Shallow copy causes a problem (primarily) when you have “remote ownership”. The most common form is a pointer to data that’s owned by the object so when the object is destroyed the data it owns gets destroyed as well. One place many people run into this is the inevitable string class:

// warning: bad code. Do *not* use.
class mystring { 
    char *data;
public:
    mystring() : data(NULL) {}
    mystring(char *init) {
        data = new char[strlen(init)+1];
        strcpy(data, init);
    }

    ~mystring() { delete [] data; }
};

int main() { 
     mystring s("This is a string");

     mystring t;

     t = s;
}

This will compile just fine. Under these exact circumstances, it might even seem to run fine as well. That doesn’t mean it’s really right though. When we assign s to t, the pointer gets copied, but what it points at does not get copied. We have two objects both containing pointers to the same buffer. When one of them gets destroyed, it deletes the associated buffer for the data. Then we have a dangling pointer — it’s still trying to refer to the buffer, but the buffer no longer exists. When the second object gets destroyed, it’ll try to free the same memory again — but since it’s already been freed, that leads to undefined behavior (I.e., anything can happen, and something bad usually will).
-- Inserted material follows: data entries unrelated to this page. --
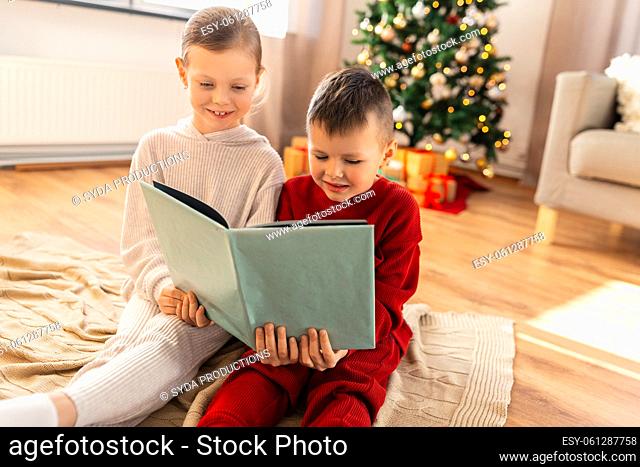 happy children reading book on christmas at home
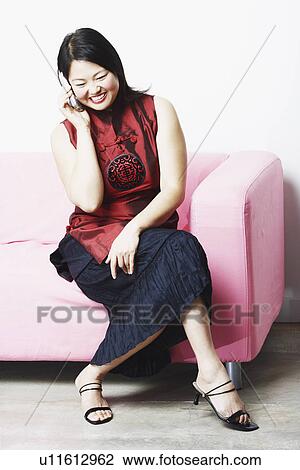 Stock Image - Mid adult woman talking on a mobile phone. Fotosearch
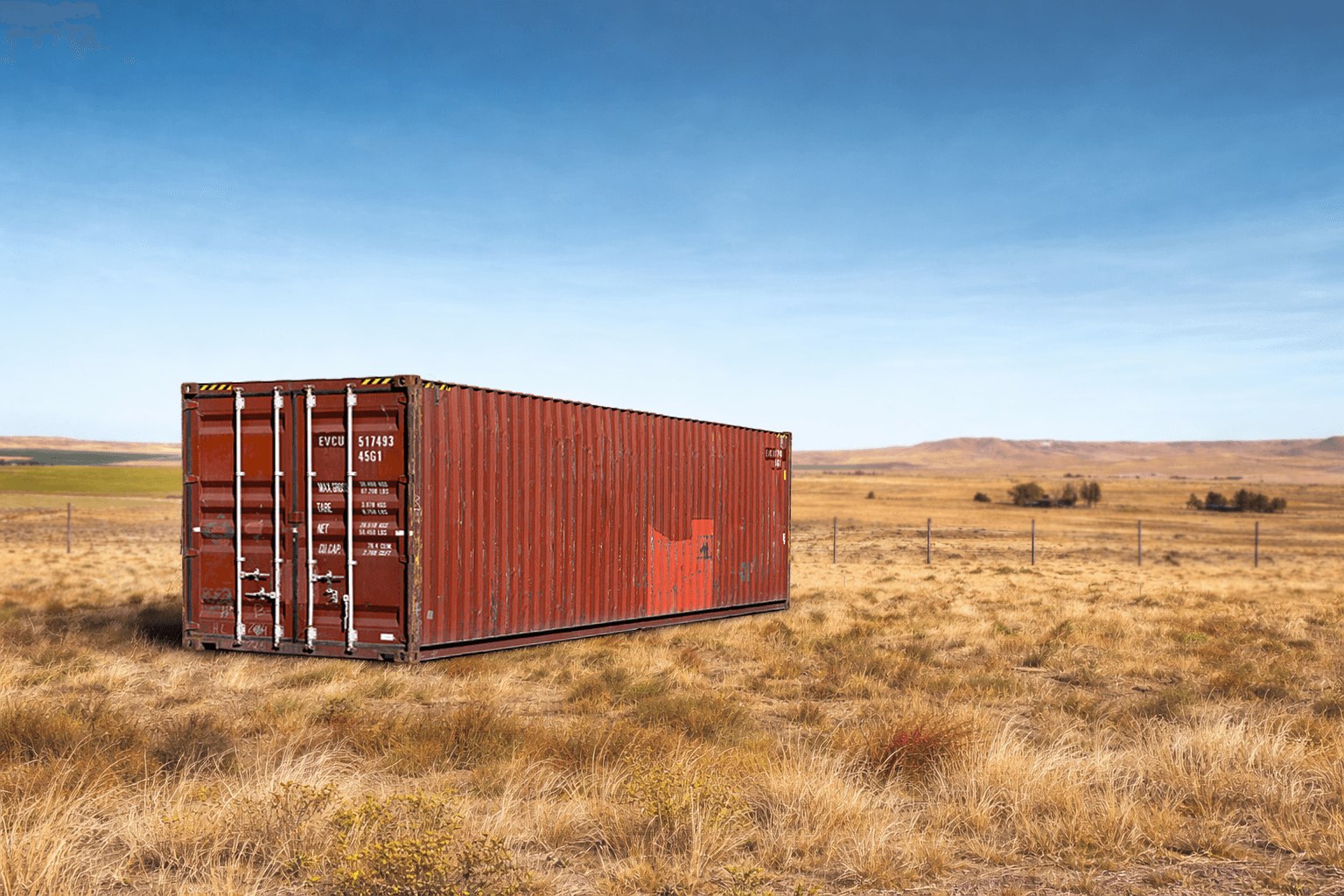Red shipping container in a field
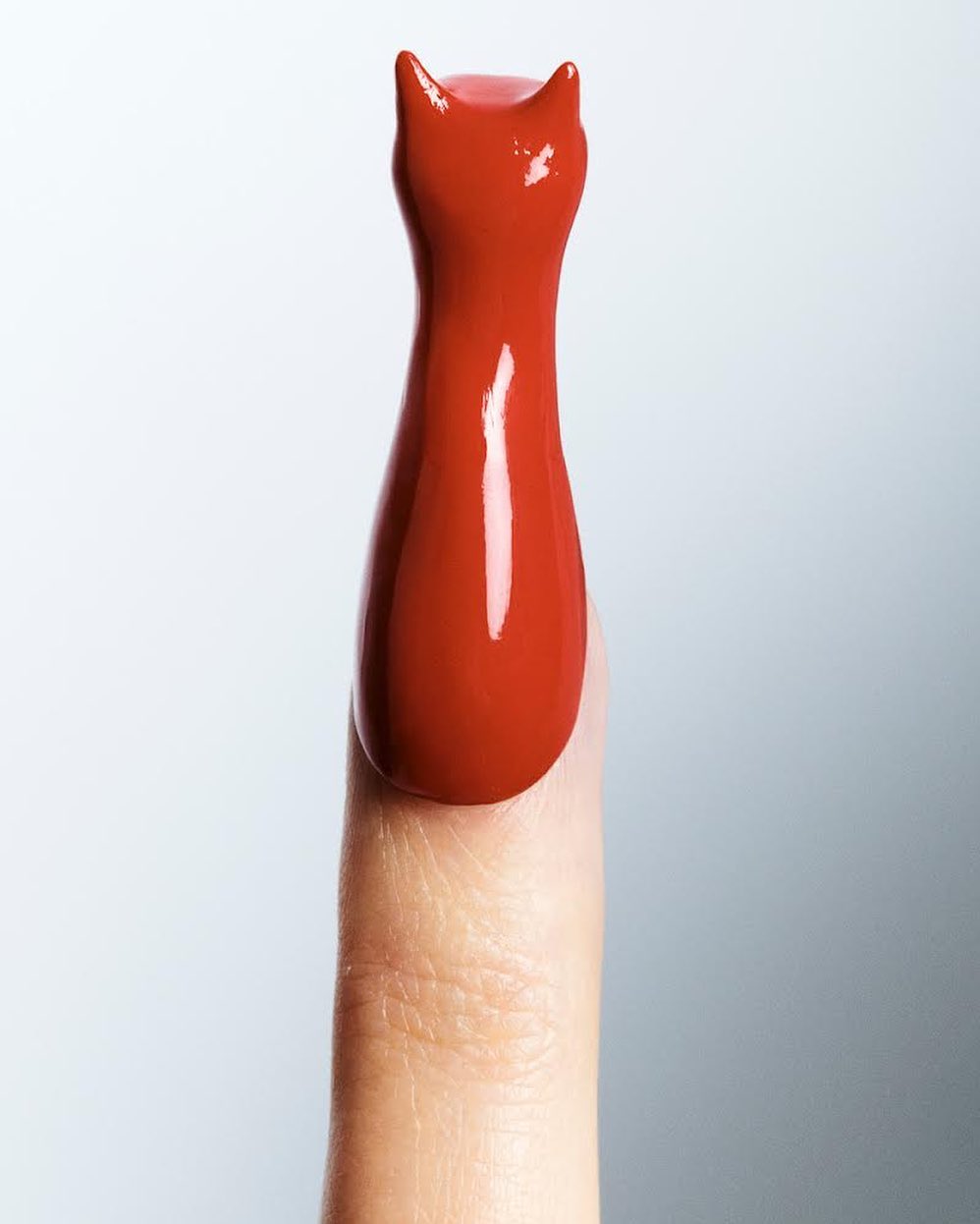 Close-up studio shot of a single adult finger coated in red nail polish, styled into the shape of a cat figure with pointed ears.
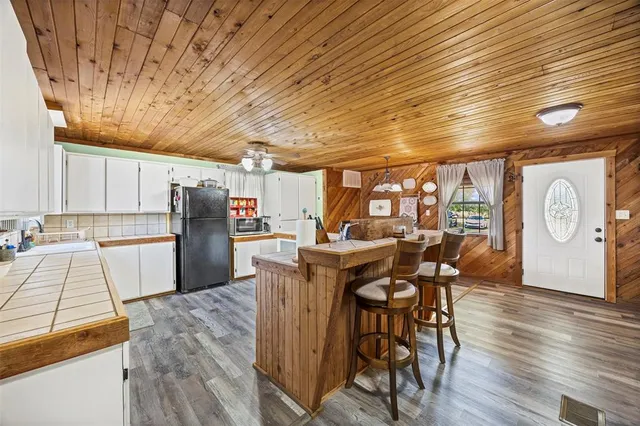 a kitchen with stainless steel appliances granite countertop a table chairs and a refrigerator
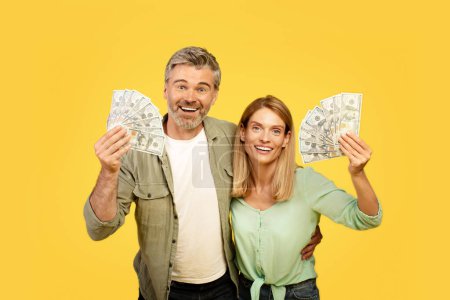 Téléchargez les photos : Joyeux couple européen d'âge moyen tenant les fans d'argent comptant, souriant à la caméra sur fond de studio jaune. Conjoints caucasiens célébrant grande loterie ou casino gagner - en image libre de droit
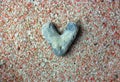 Gray heart-shaped sea stone, rock against the summer pink sand flatly. Love. Royalty Free Stock Photo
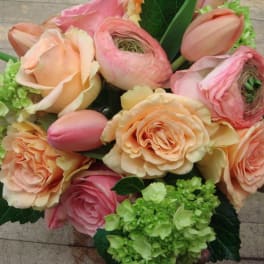 Bouquet of peach and pink roses with green hydrangea clusters
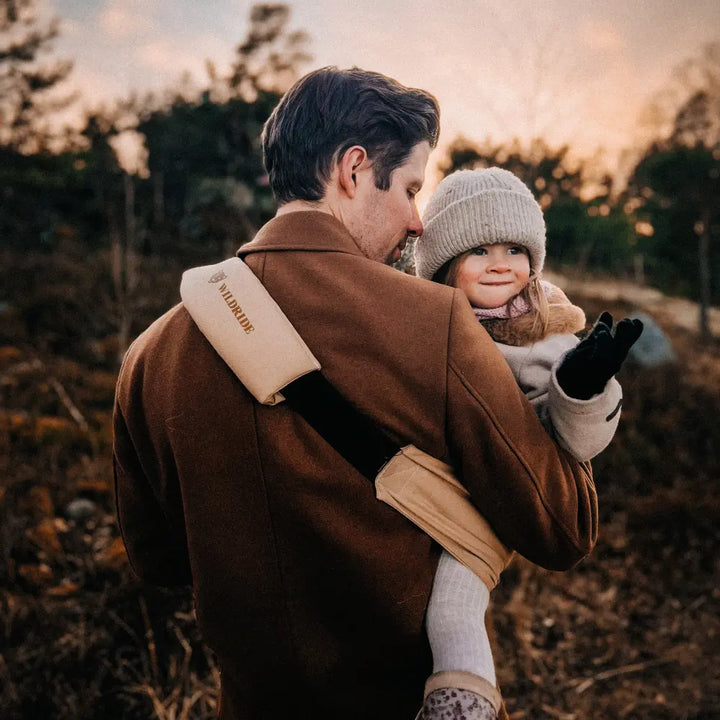 Wildride Toddler Carrier | Lightweight 100% Cotton Hip Seat Baby Carrier for Toddlers 9 Months–4 Years | Ergonomic, Portable &amp; Travel-Friendly Child Carrier | Comfortable Alternative to Stroller for Everyday Use - Beige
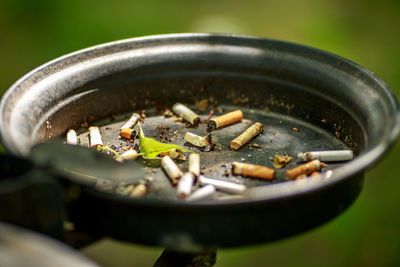 Close-up of cigarette butts in ashtray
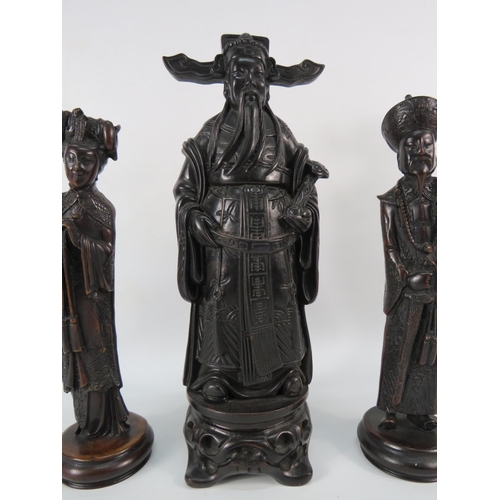 33 - A chinese resin Emperor figurine plus two others, the tallest stands, 12 3/4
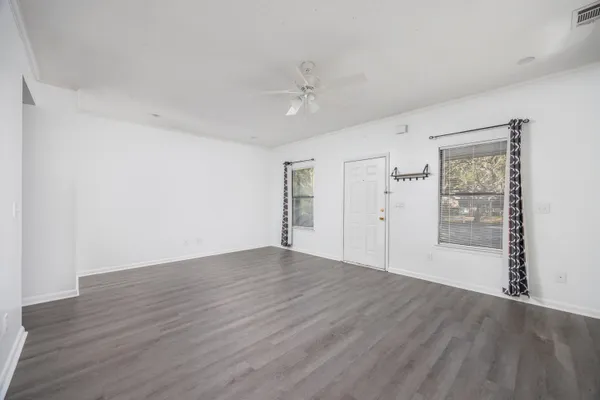 an empty room with wooden floor closet and windows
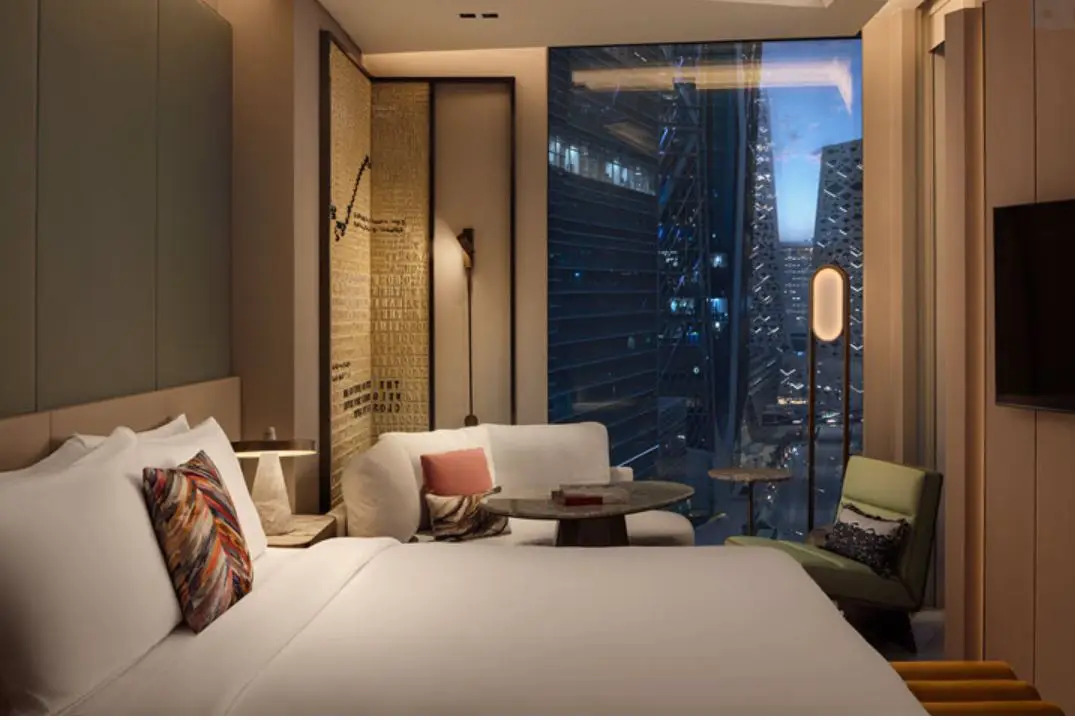 W Hotels Makes Its Debut In Saudi Arabia With The Opening Of W Riyadh 4 Guest room at W Riyadh KAFD with modern design, floor-to-ceiling window and city views.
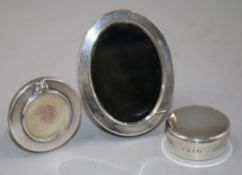 A small Tiffany silver pill box and two small photograph frames.From the estate of the late Sheila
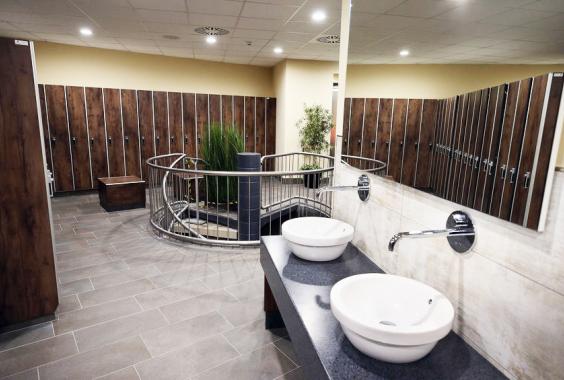 Moderne Umkleide mit Holzspinden, zwei weißen Waschbecken auf schwarzer Arbeitsplatte und Pflanzen in der Mitte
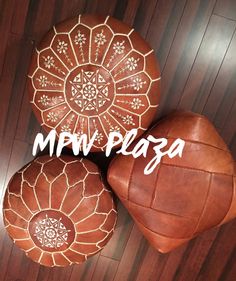 three brown leather poufles sitting on top of a wooden floor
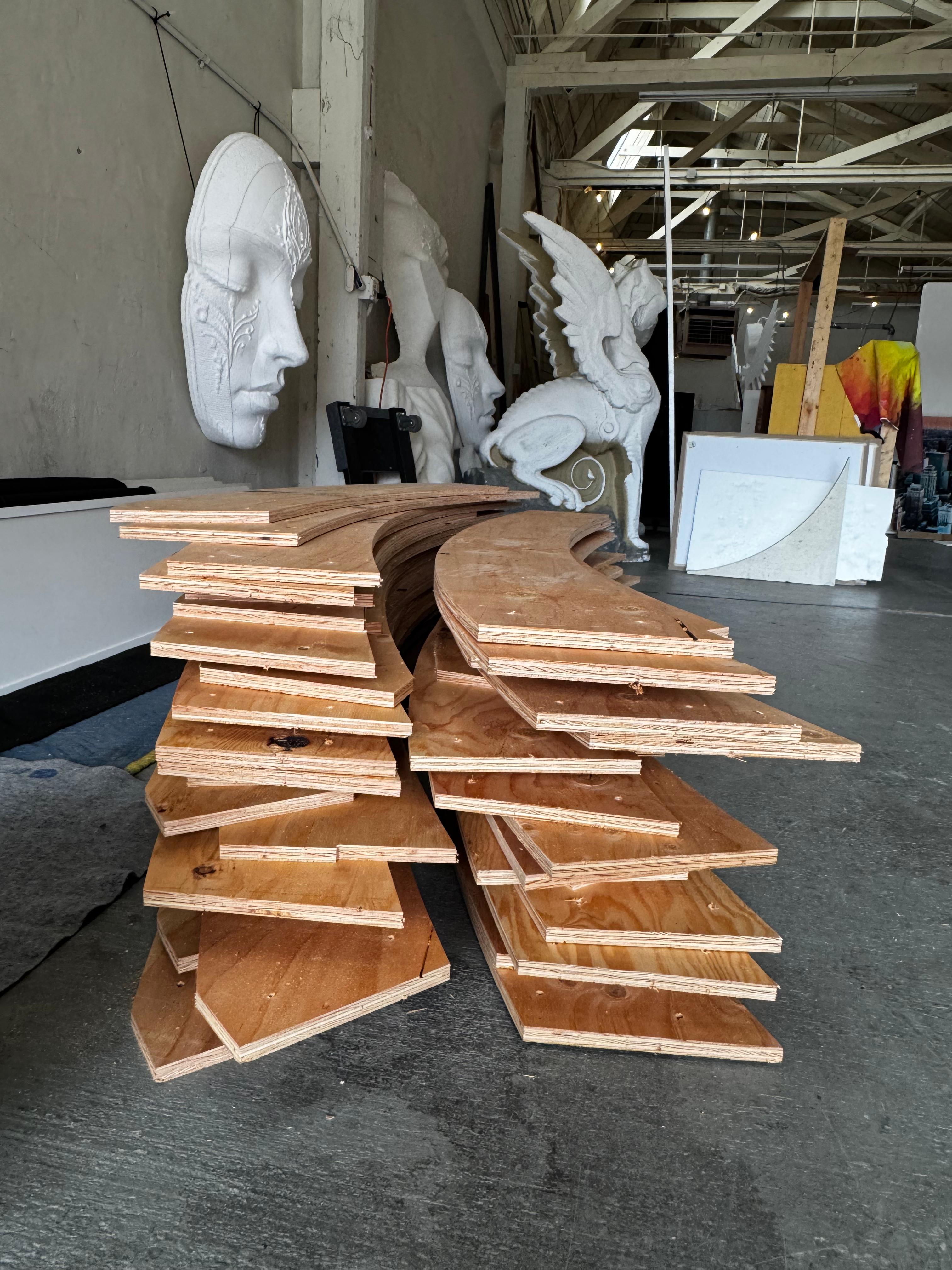 Stacked curved wooden pieces for the sanctuary build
There are two common alternatives to shallow copying. One is a “deep” copy, in which we overload the copy constructor and assignment operator for the class, and in them when we copy/assign the object, we allocate a new buffer and copy the contents of the old buffer to the new one.

The second is reference counting. Instead of a “raw” pointer to the buffer, we use a “smart” pointer to the buffer. The smart pointer keeps track of how many objects refer to the buffer and only frees the buffer itself when nothing refers to it any more.

Neither is entirely perfect: deep copying can be slow and use a lot of memory, especially if there’s a lot of data involved. Reference counting can be slow in multi-threaded environments — since the reference count can be accessed from multiple threads, you have to protect it to assure only one thread modifies it a time (which is usually at least an order of magnitude slower than a normal increment/decrement).